Index boosting

Hi All,

I am using Elastic search for indexing search data in my application. Its a .net web application a nd i use NEST API's for indexing and searching.

Currently there are around 10 million records indexed totally in around 14 indexes. During search i use multi match search and mention the field names from all the indexes in the query and i limit the search result from elastic search to 15.

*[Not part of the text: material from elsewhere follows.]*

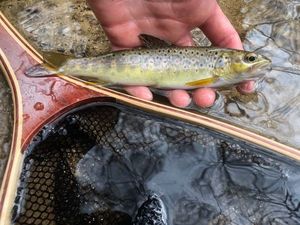 Brown Trout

Now i need to prioritize the search like for index1, priority1 and index 2- priority 3 like this. Since there are lot of data present and i cannot re-index it now. What is the best way to add a boost to existing index? or we need to use query time boosting as i read in ES website. But how to achieve this .
Any help is really appreciated.

Any help please

The REST API offers the option of per-index boosting: https://www.elastic.co/guide/en/elasticsearch/reference/2.3/search-request-index-boost.html

Thanks Mark..

Do you have a sample query? I am not sure how to fire this query

GET /test,test1/_search
{
   "query": {
	  "match": {
		 "foo": "bar"
	  }
   },
   "indices_boost": {
	  "test": 1,
	  "test1": 2.5
   }
}

I expect your next question though is "how do I do that in Nest?" but I'm not familiar with that client.

Mark:
I expect your next question though is "how do I do that in Nest?" but I'm not familiar with that client.
:slight_smile: thanks a lot Mark....I actually use a raw query method in Nest, So this will do :slight_smile:

1 Like

I tried the above method, but didnt get it correctly. Actually the problem is i am searching 14 indices together. In one of them, there are millions of records and in others there are only around 10 or 100 records. So whenever i fire a search query, i get lot of matching results from the index which has millions of records. So the other results i am unable to figure out if its present in search results.

Ideally i would like to see results from the REST API as first few from index2 and then index3 and rest of the results from index3 (which has millions of records).